Sadece evlenecek kızın değil;
erkeğin de bekâretinin bozulmamış olması gerekmektedir. Nâmussuzluk, zinâ ve
fâhişelik sadece bayanlar için bir suç değil; bu ayıp ve günahlar, bu
rezillikler aynen erkekler için de geçerlidir. Yani zinâ eden bir erkek de
orospudur, fâhişe ve nâmussuzdur. Kızda aranan iman ve edep/nâmus, damat
adayında da aranacak ilk vasıf olmalıdır.
Allah, ilk insan Âdem (a.s.)'i
topraktan ve o bir nefisten eşini yaratmıştır (4/Nisâ, 1). Havvâ'sız Âdem
eksiktir; Âdem'siz Havvâ'nın eksik olduğu gibi. Erkekle kadın birbirlerinin
eksiklerini tamamlayan bir elmanın iki yarısı gibidirler. "Onlar (hanımlar)
sizin için bir elbise; siz de onlar için bir elbisesiniz." (2/Bakara, 187).
Elbise, hem ayıplarımızı kapatan, bizi zarar verecek dış etkenlerden koruyan bir
sığınak, hem de hoşa giden bir süs olduğu gibi, takvâ ile de ilişkilidir (Bkz.
7/A'râf, 26). Demek ki, kocası olmayan kadın çıplak olduğu gibi, karısı olmayan
adam da çıplaktır.
Gözlerin benzerini görmediği,
gönüllerin hayal bile edemediği ırmaklara, köşklere, her çeşit rızıklara sahip
olan cennette bile Hz. Âdem, Havvâ vâlidemizle huzur buluyor; Havvâ annemiz de
Hz. Âdem'de mutluluğu yakalıyor. Rûm suresi 21. âyeti böylece tecellî ediyor.
İkisinin huzurundan rahatsız olan şeytan, onların çıplak olması için bütün
planlarını kuruyor ve cennetten çıkarılmalarına sebep oluyor. Ama Hz. Âdem'le
Havvâ anamız bu dünya evinde birlikte Rablerine yönelip af talebinde
bulunuyorlar, örtünüyorlar ve Allah da onları affediyor. "Ey Adem oğulları!
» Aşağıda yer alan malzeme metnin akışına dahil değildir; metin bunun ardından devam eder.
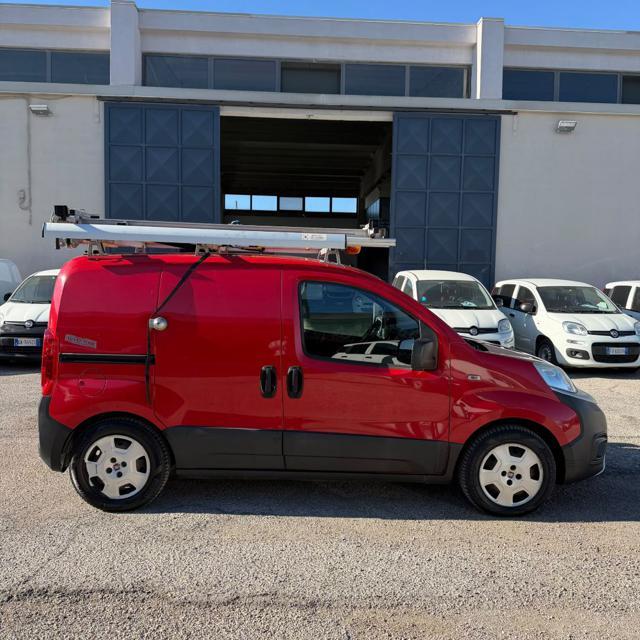 FIAT FIORINO 1.3 M-JET FURGONE ADVENTURE - 2017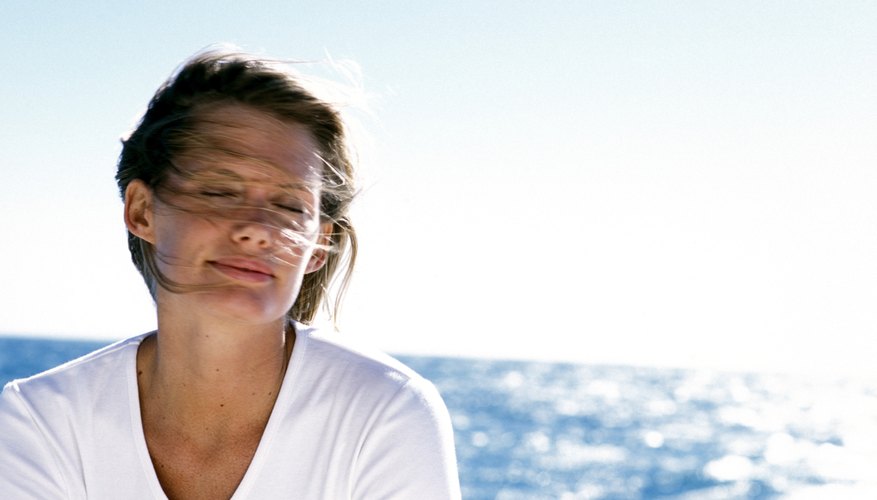 Clean ocean air Clean ocean air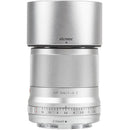 Viltrox AF 56mm f/1.4 Z Lens for Nikon Z (Silver)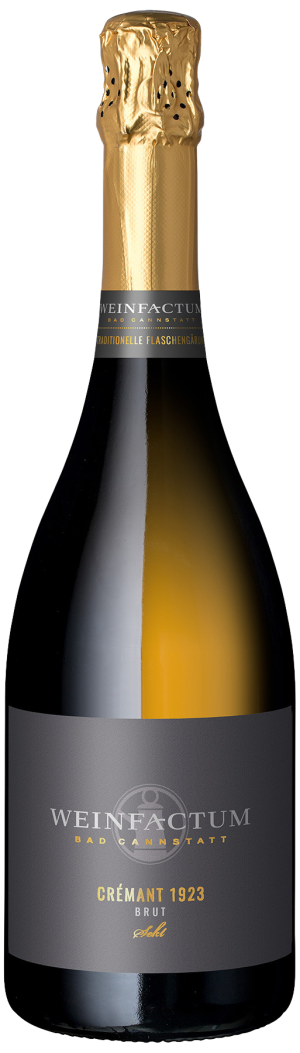 2018 "Crémant 1923" Sekt brut 0,75 L - Weinfactum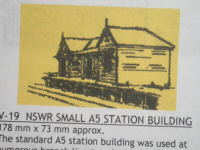 NSWR Small Station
Şeytan, ana babanızı, ayıp yerlerini kendilerine göstermek için elbiselerini
soyarak cennetten çıkardığı gibi sizi de aldatmasın." (7/A'râf, 27)
İzzetine, iffetine, şeref ve
namusuna düşkün müslüman kızlarımızın bu erdemi bazı iki ayaklı şeytanların
gözüne batıyor. Hanımların dişiliğiyle değil; kişiliğiyle toplumda yer alma
isteklerine karşı kırmızı başörtüsü görmüş boğa gibi saldıracak yer arıyorlar.
Özellikle İmam-Hatip'te, Üniversitede okuyan ve okumak isteyen müslüman kızın
dünya-âhiret tercihi ve cihadı da başörtüsü bayrağında düğümleniyor.